One of my first XDCAM camcorders was the ground breaking PMW-EX1. It was ground breaking because it brought very high quality images, truly good enough for broadcast television, to a small handheld camcorder with a great lens with real manual control for the very first time. The EX1 was, in fact still is, a great camcorder.

A lot of the image quality came from the use of 3 larger 1/2″ sensors instead of the typical 1/3″ or smaller sensors found in handheld cameras. A bigger sensor means bigger pixels, which in turn means better sensitivity, better dynamic range and fewer diffraction artefacts. We now see that taken to extremes with the current trend for cameras with super 35mm sensors. While these large sensor cameras like the PXW-FS7 or PMW-F5 do offer some very nice benefits such as outstanding cinema style image quality there are also drawbacks. They tend to be bulkier and while there are hundreds of lenses to choose from, good, parfocal zoom options are limited and very expensive. For example, one of the very best compact par-focal zooms you can get for a super 35mm camcorder is the Canon 17-120mm T2.95 lens. That’s a meagre 7x zoom range and T2.95 is particularly fast (the X200 lens is f1.8). What’s more that lens cost around £30k! Even the new Sony 28-135mm f4 SELP28135G lens costs approximately £2.5k and that’s only a 4.8x zoom.

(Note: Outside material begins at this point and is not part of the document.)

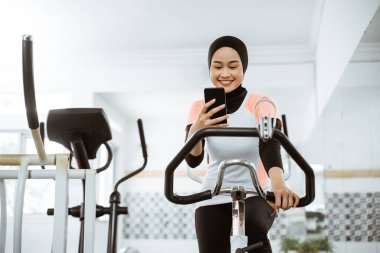 attractive muslim woman using mobile phone during exercising with static bike at the gym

After the PMW-EX1 came the EX1R with a few tweaks here and there, improving an already good camera. But the one thing that let the EX1 and EX1R down just a little was the codec. Sony’s 35Mb/s Mpeg2 XDCAM codec, while actually very good just wasn’t seen as good enough by some broadcasters, notably the BBC, for mainstream TV production.

35Mb/s XDCAM is now normally accepted for news and some types of documentary productions, but really broadcasters want 50Mb/s Mpeg2 or better. In response to this Sony launched the PMW-200 as a replacement for the EX1R. In most respects the PMW-200 is very similar to the EX1R. It has 3x 1/2″ sensors with a 14x zoom lens. It records on to SxS cards in HD using Sony’s 50Mb/s and 35Mb/s XDCAM codec as well as DVCAM for standard definition.

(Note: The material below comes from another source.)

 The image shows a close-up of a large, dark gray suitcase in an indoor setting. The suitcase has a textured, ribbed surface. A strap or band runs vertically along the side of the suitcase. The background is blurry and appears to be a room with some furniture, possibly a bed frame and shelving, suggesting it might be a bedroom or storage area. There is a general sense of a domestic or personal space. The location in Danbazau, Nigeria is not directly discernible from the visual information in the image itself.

Now I have to say that while the PMW-200 is a good camera, it just didn’t have the ‘wow’ factor of the EX1. It is a logical improvement of the XDCAM family and a good work-horse camcorder. It does the job it was designed to do. But I didn’t really like the build quality of the camera. It has a plastic outer shell with lots of cooling vents and it just doesn’t feel as solid and robust as the older EX1 series cameras. However it has been extremely popular with broadcasters as it does produce a good quality image recorded at 50Mb/s 422.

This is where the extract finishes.